10. The method according to claim 7 for simultaneous, separate or sequential use.

11. A pharmaceutical composition according to claim 4 comprising of an additional active ingredient.

12. A pharmaceutical composition according to claim 11 wherein the additional active ingredient is selected from the group consisting of ACE inhibitors, angiotensin II receptor antagonists, beta-blockers, type 2 diabetes therapeutic agents, and type 1 diabetes therapeutic agents.

13. A pharmaceutical composition according to claim 11 wherein the further active ingredient is

an ACEI selected from the group consisting of alacepril, benazepril, benazeprilat, captopril, ceronapril, cilazapril, delapril, enalapril, enaprilat, fosinopril, imidapril, lisinopril, moveltopril, perindopril, quinapril, ramipril, spirapril, temocapril and trandolapril, or in each case independently a salt thereof;

an angiotensin II receptor antagonist selected from the group consisting of valsartan, losartan, eprosartan, irbesartan, telmisartan, candesartan and saprisartan, or in each case independently a salt thereof;

a type 2 diabetic therapeutic agent selected from the group consisting of troglitazone, rosiglitazone, ciglitazone; darglitazone; englitazone; isaglitazone and pioglitazone, or in each case independently a salt thereof; and/or

a type 1 diabetic therapeutic agent, such as insulin, or a salt thereof.
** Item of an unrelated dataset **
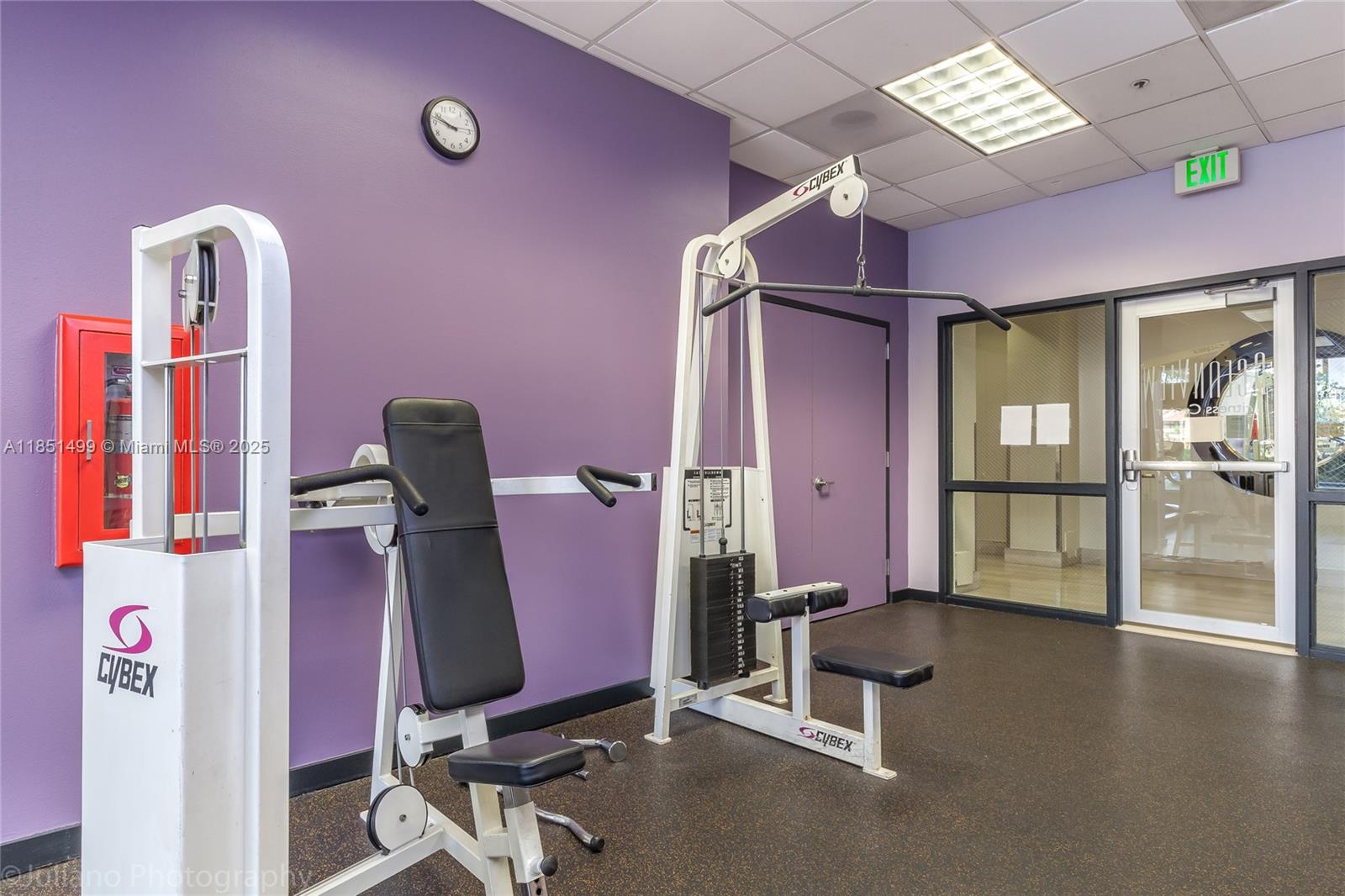Photo of 19390 Collins Ave  #1401, Sunny Isles Beach, Florida, 33160 -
14. A commercial package comprising a pharmaceutical composition according to claims 4, together with instructions for simultaneous, separate or sequential use thereof in the treatment of diabetic cardiomyopathy.

15. A kit for the treatment of diabetic cardiomyopathy, which comprises:

a) a renin inhibitor or a pharmaceutically acceptable salt thereof in a first unit dosage form;

b) at least one therapeutic agent selected from the group consisting of an ACE inhibitor, an angiotensin II receptor antagonist (e.g., valsartan), a beta blocker, a type 2 diabetes therapeutic agent, a type 1 diabetes therapeutic agent, or in each case independently a pharmaceutically acceptable salt thereof, in a second etc. unit dosage form;

c) a container for containing said first, second etc. unit forms.

16. A method for the treatment of diabetic cardiomyopathy, which comprises administering to a warm-blooded animal, a therapeutically effective amount of a renin inhibitor, either alone or in combination with one or more active ingredient, selected from the group consisting of ACEIs, beta blockers, angiotensin II receptor antagonists, type 2 diabetes therapeutic agents, type 1 diabetes therapeutic agents, or in each case independently a salt thereof.

17. The method of claim 8 wherein the type 1 diabetes therapeutic agent is insulin.

18. The method of claim 8 wherein the type 2 diabetes therapeutic agent is a TZD.

19. A commercial package comprising a pharmaceutical composition according to claim 11, together with instructions for simultaneous, separate or sequential use thereof in the treatment of diabetic cardiomyopathy.

20. The method of claim 12 wherein the type 1 diabetes therapeutic agent is insulin.

21. The method of claim 12 wherein the type 2 diabetes therapeutic agent is a TZD.